昨年11月のプロテストに合格した時の神谷和奏。会場にいた咲凜ちゃんと記念撮影 【Photo by Atsushi Tomura/JLPGA via Getty Images】

あるタイミングで母親からプロゴルファーに切り替わる

 子供が優先、子供と離れたくないと、母親としての気持ちを率直に話す神谷だが、試合では毎回あるタイミングで自然と競技者に切り替わるそうだ。「ゴルフ場について、その試合に勝ちたいという思いや予選に通りたいという意思が強くなると勝手に切り替わるんです。母親としての私とプロゴルファーの私は全然違います。いつも自分の中で自然に切り替えスイッチが入りますね」。

 このスイッチにも咲凜ちゃんの存在は影響している。「(子供と)離れる時はやっぱり寂しい思いをするんですけど、逆に寂しい分頑張らなくてはと思います。託児所に預けることが多いのですが、咲凜も頑張っているし、私も頑張らなくては。大変なのに選択した道を前進しなくては」と気合が入るそうだ。

 神谷はプロテストを4回目の挑戦で合格した苦労人。プロとして挑む今シーズンは、「今年からやっとトーナメントに出られるので、楽しまなくてはと思います」と目を輝かせた。

子供ができてからの方がプレーも良い方向に!娘の存在が心の支え

トーナメント期間中も夜は咲凜ちゃんと一緒に過ごす 【本人提供】

 咲凜ちゃんの存在はゴルフにも良い影響を与えているという。「大事なパッティングの場面などで、娘の顔が浮かんだりします。するとすごくその一打に集中できるんです」。娘のためにも頑張りたいという気持ちが、プレーにも好影響を与えているそうだ。また、「最終ホールで歩いている時に今日の夜ご飯はどうしようかと考えたりするですが、違うことを考えて逆にプレッシャーがかかる場面で気が休まったりするんです。そして、最後の一打まで諦めないで戦える糧になっています」と話す。

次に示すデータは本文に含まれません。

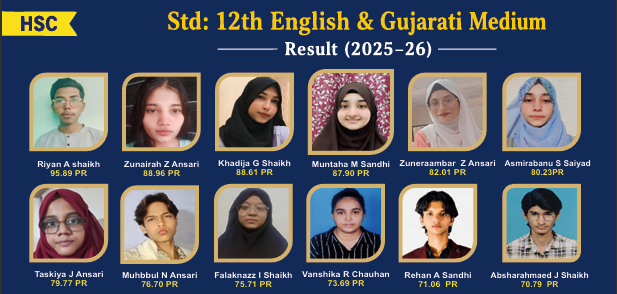 Ranker Classes Toppers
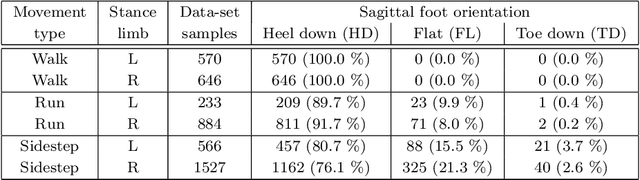 Figure 2 for On-field player workload exposure and knee injury risk monitoring via deep learning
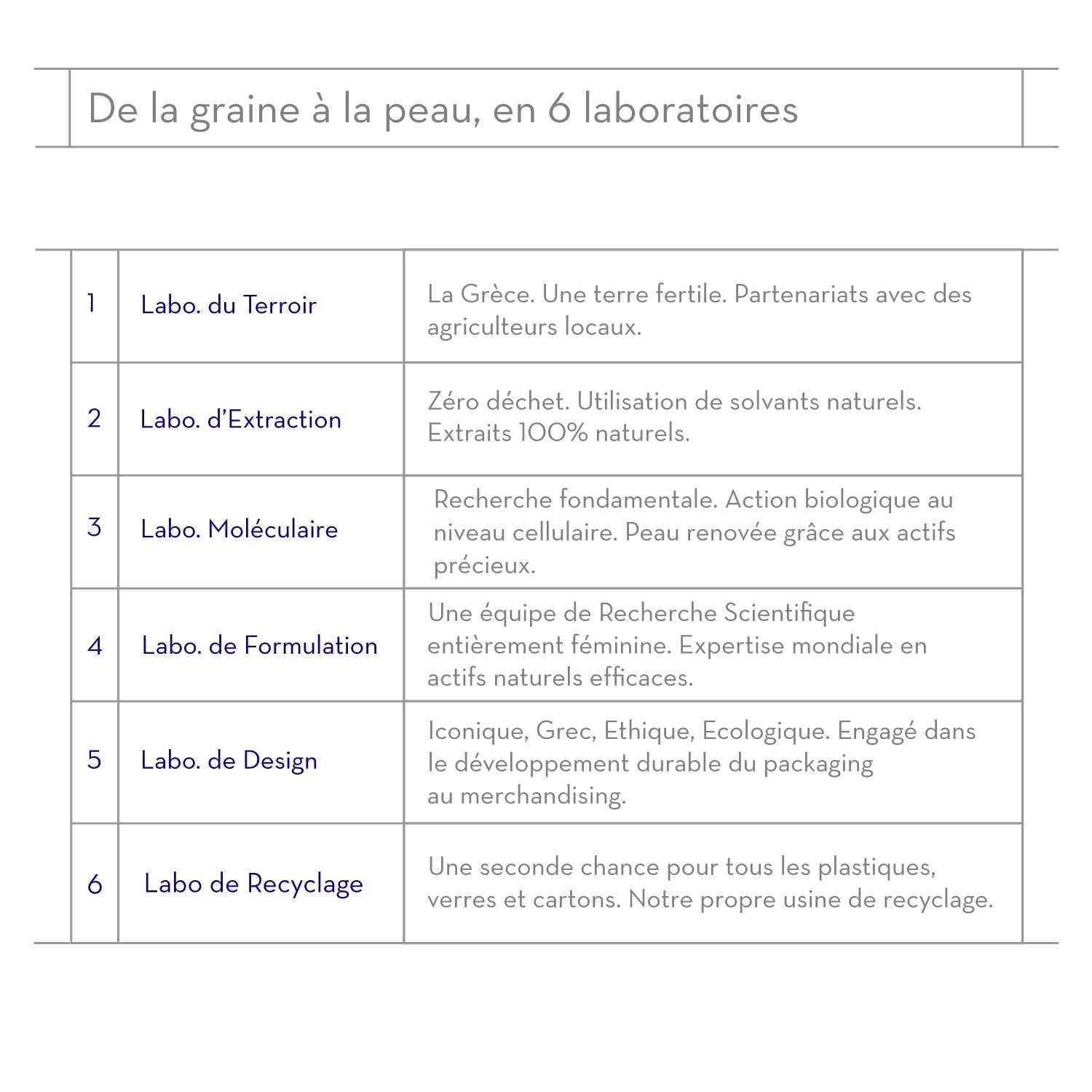 Korres Mountain Pepper Eau De Toilette Spray, Cedar Citrus With Orange Litsea Cubeba Bergamot, Pepper Rosemary Rose Heart, Musk Moss Amber Base, Woody Fougere Aroma For Women & Men, 1.69 Fl Oz : Beauty & Personal Care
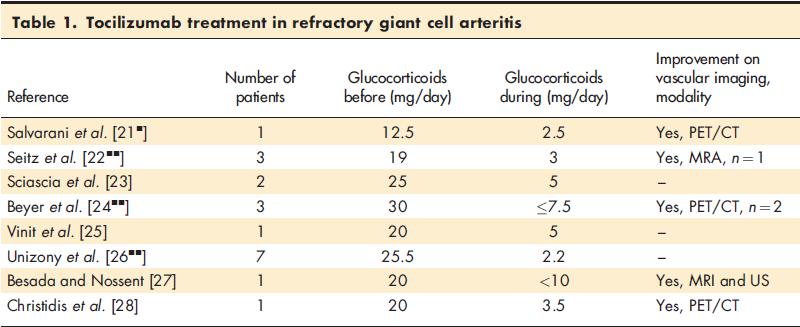 Tocilizumab in Giant Cell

 以前は大事な時にバンカーで焦ってホームランをしてしまってダブルボギーを打ってしまったりするようなことがたまにあったという神谷だが、「妊娠してから変わった」という。

「妊娠中にプロテストを受けたり、日本女子アマに出させていただいて、お腹にいる赤ちゃんが最優先で戦っている身として、競技者でありながら一歩引いて競技を見ることができるようになりました。例えバンカーでホームランをしても、それを焦らず受け止めて次をどうしようかと切り替えらえるようになりました。以前は気持ちの浮き沈みがすごく激しかったのですが、余裕が持てるようになったというか、視野が広くなった気がします」

 出産後はさらに、「子供ができたことで落ち着いた自分がいます。娘に成長させてもらえているような感じがする。今の昔にはない余裕が生まれた自分は娘のおかげ」と話す。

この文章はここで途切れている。